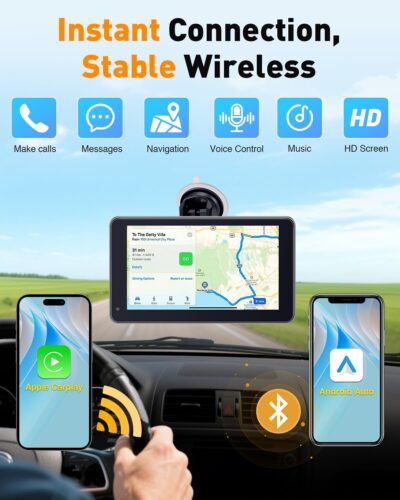 7” Wireless Apple CarPlay & Android Auto Screen - Portable Car Display with AirPlay, Screen Mirroring, FM/AUX Audio, Easy to Install, Convenient Upgrade for Older Cars, Families, Commuters - Image 2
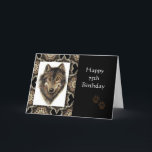 Happy 75th Birthday with Watercolor Wolf Kaart<br><div class="desc">Wolf,  Wolves,  Wild Animal,  Nature,   Watercolor</div>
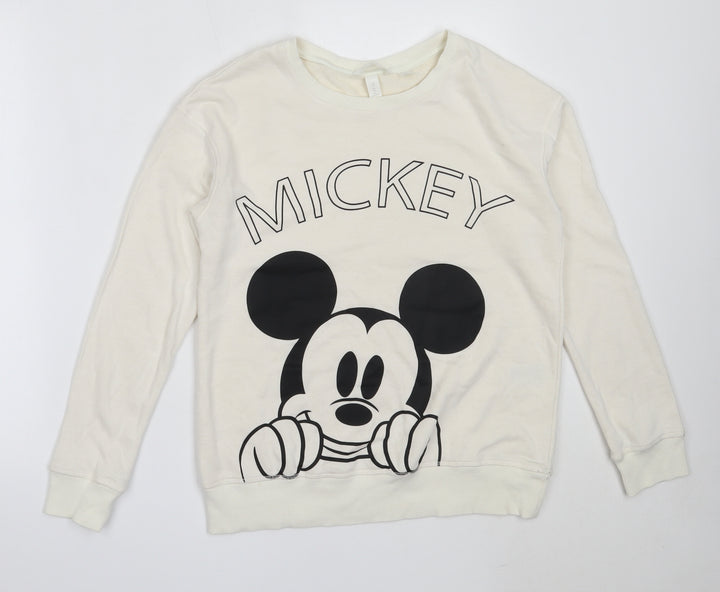 H&M Womens Ivory Cotton Pullover Sweatshirt Size XS - mickey mouse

▸ **Required work**: Copy exactly, please, the lines that run from the line holding "Happy 75th Birthday" through the closing line of the material above, omitting every picture.

▸ **Result below**:
 Happy 75th Birthday with Watercolor Wolf Kaart<br><div class="desc">Wolf,  Wolves,  Wild Animal,  Nature,   Watercolor</div>
 H&M Womens Ivory Cotton Pullover Sweatshirt Size XS - mickey mouse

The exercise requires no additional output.